The following is an email response (to my earlier email) from a friend who I would say is a reasonable person and who has served his community helping folks in need. Following his response to me, I share my response with him.
What I want people to note is the civil tone we both tried to convey, even though there are areas of disagreement. My thrust is not to say what could have been said by each, but to say we can disagree without taking each other’s head off.
My friend’s response to an earlier email
“To say Donald Trump is different is to make an understatement. He’s not conservative, he’s a populist. He doesn’t believe in fiscal constraint, and that’s why he loves tax cuts AND fiscal stimulus as needed this past spring to address the pandemic. Just watch, we will have another fiscal stimulus package (even if it is Speaker Pelosi’s moderate wing that has signed a discharge petition to move forward narrow stimulus items forcing the issue before the election).
Donald Trump has many flaws (which is why I don’t feel the need to list them), but I think he really does care about regular people. I see this in his commitment to fixing the VA, even if stepping on toes. I listened to his caddy of thirty years ago turned personal assistant in his remarks at the RNC convention, and you know he’s not just self-immersed, even if he always talks thru that lens.

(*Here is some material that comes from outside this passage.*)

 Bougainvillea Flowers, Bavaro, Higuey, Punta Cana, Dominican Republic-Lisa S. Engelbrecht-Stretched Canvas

He doesn’t pull blue collar voters because he doesn’t listen. And similar with black and Latino voters. For a guy who’s had economic comfort his whole life, he oddly has an ear for their complaints. (A similar wealth comparison is Great Britain’s Prime Minister Clement Attlee; very rich, who after learning of British slums, became a populist Democratic Socialist who advocated for national health care, nationalized businesses, etc.)
Trump’s not different in that way. Just different in the timing of what’s been tried and what’s likely to work now. You see this in his making Obamacare less expensive so more people can afford it. This is where he’s within the fold to repeal Obamacare movement, but also for its streamlining. This is also evidenced in his desire for health care pricing transparency. And his instincts are right here. Any time one is able to price shop, it changes your behavior.
On Joe Biden, I wish he were the Joe Biden I recall from the late 80’s and early 90’s. The way he got his nomination with a consolidation of liberal endorsements doesn’t reinforce his moderation. It underscores it is at risk.
That said, there is much to be thoughtful about. And I do see the election process forcing both sides to moderate…”
The following is my response.
“Many thanks for your thoughtful response, which is not a surprise. While he has accomplished some good things (the reduced sentencing, the first COVID-19 stimulus, eg.), I could argue policy decisions on several fronts, but I won’t. What frustrates me most is the divisive rhetoric he uses on a daily basis and the name calling as a substitute for civil discourse. I hold a lot of conservative writers and public servants in high regard and their concerns about the incumbent president are worth noting.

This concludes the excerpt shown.